++++ SOURCE DATA ++++
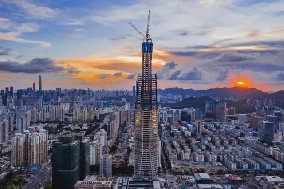 旭東圍擋廠家祝賀，深圳又一高樓388米 順利封頂 ！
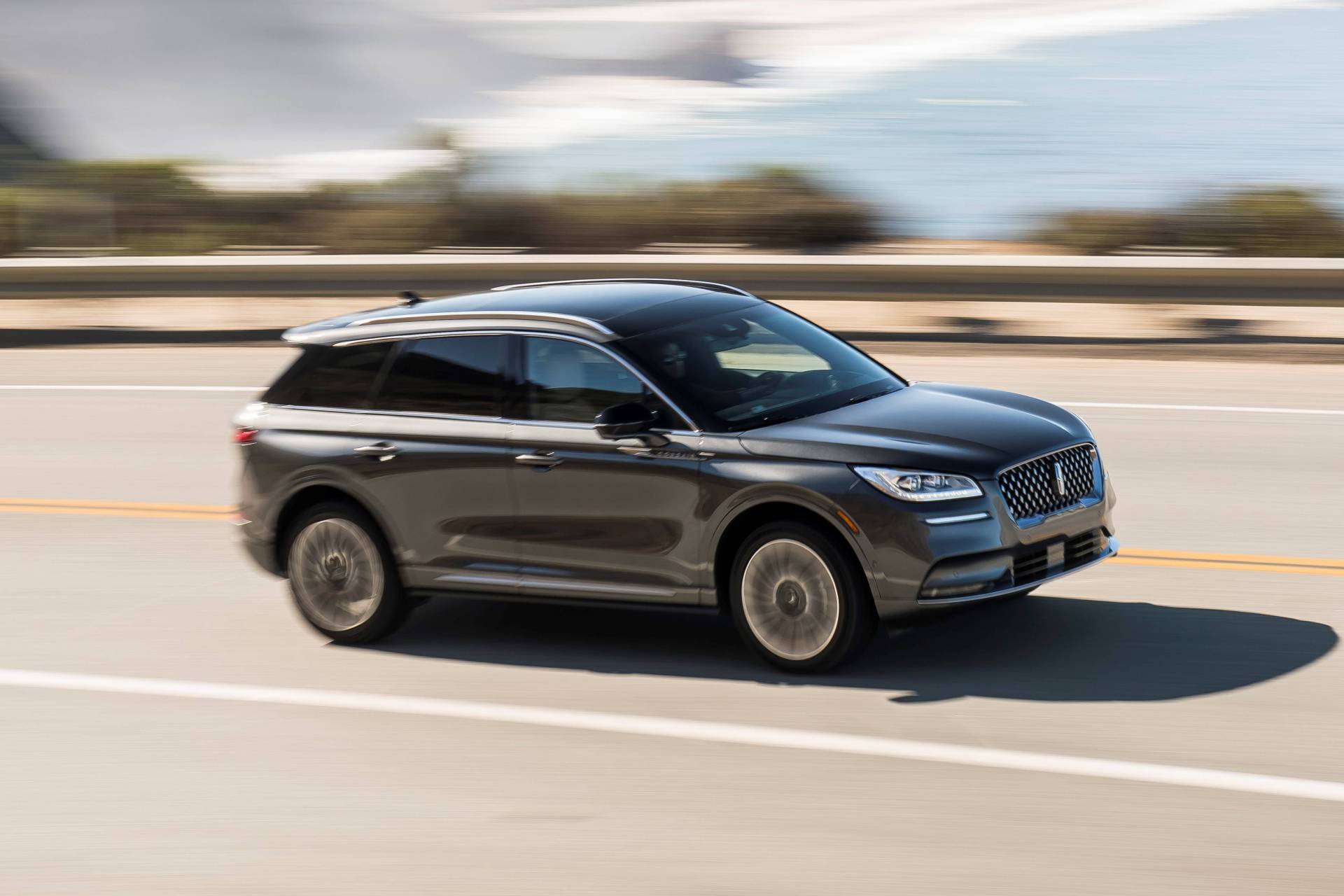 Lincoln Shows Us More Of The 2020 Corsair In 99 New Photos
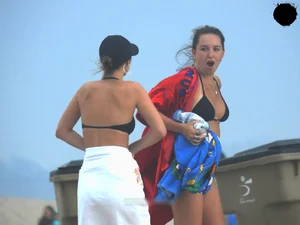 Lesbian finger bang on the sands of Venice Beach CA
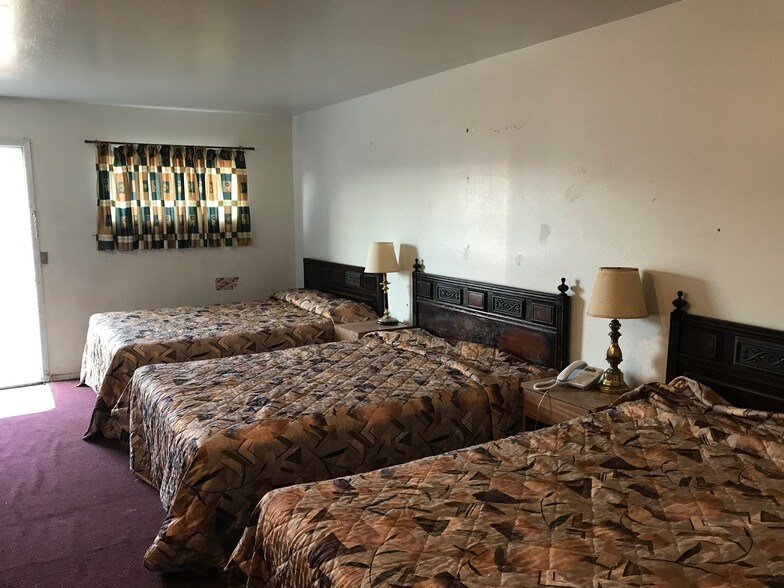More Photos Of 3000 N Broadway St, Poteau Hotel For Sale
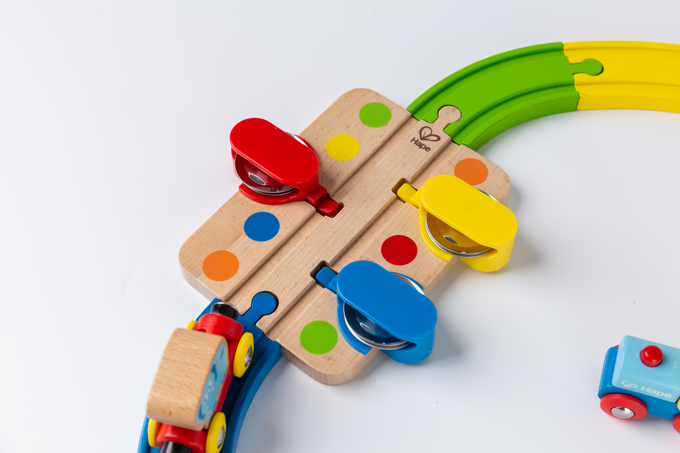 德國 Hape - 彩虹音樂木製軌道玩具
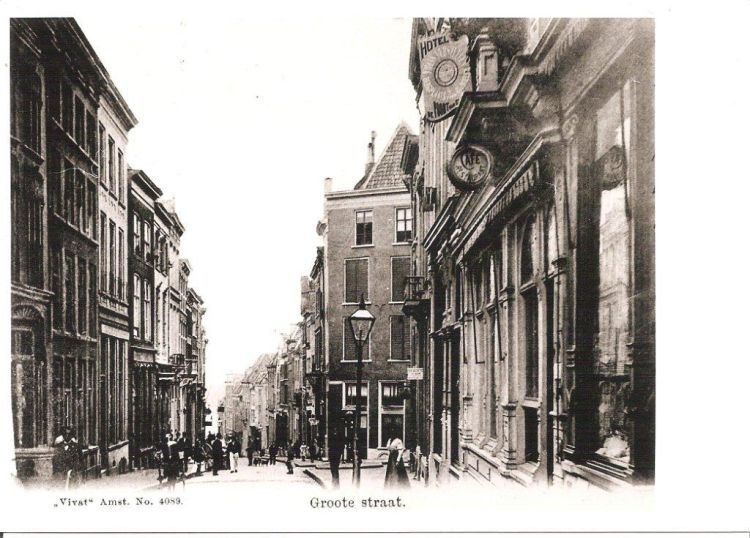 De Grotestraat omstreeks 1897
++++
▶ _TO DO_
In the copy, include no pictures; everything else in the material should be written out exactly.

▶ _ANSWER TO THE EXERCISE_
 旭東圍擋廠家祝賀，深圳又一高樓388米 順利封頂 ！
 Lincoln Shows Us More Of The 2020 Corsair In 99 New Photos
 Lesbian finger bang on the sands of Venice Beach CA
More Photos Of 3000 N Broadway St, Poteau Hotel For Sale
 德國 Hape - 彩虹音樂木製軌道玩具
 De Grotestraat omstreeks 1897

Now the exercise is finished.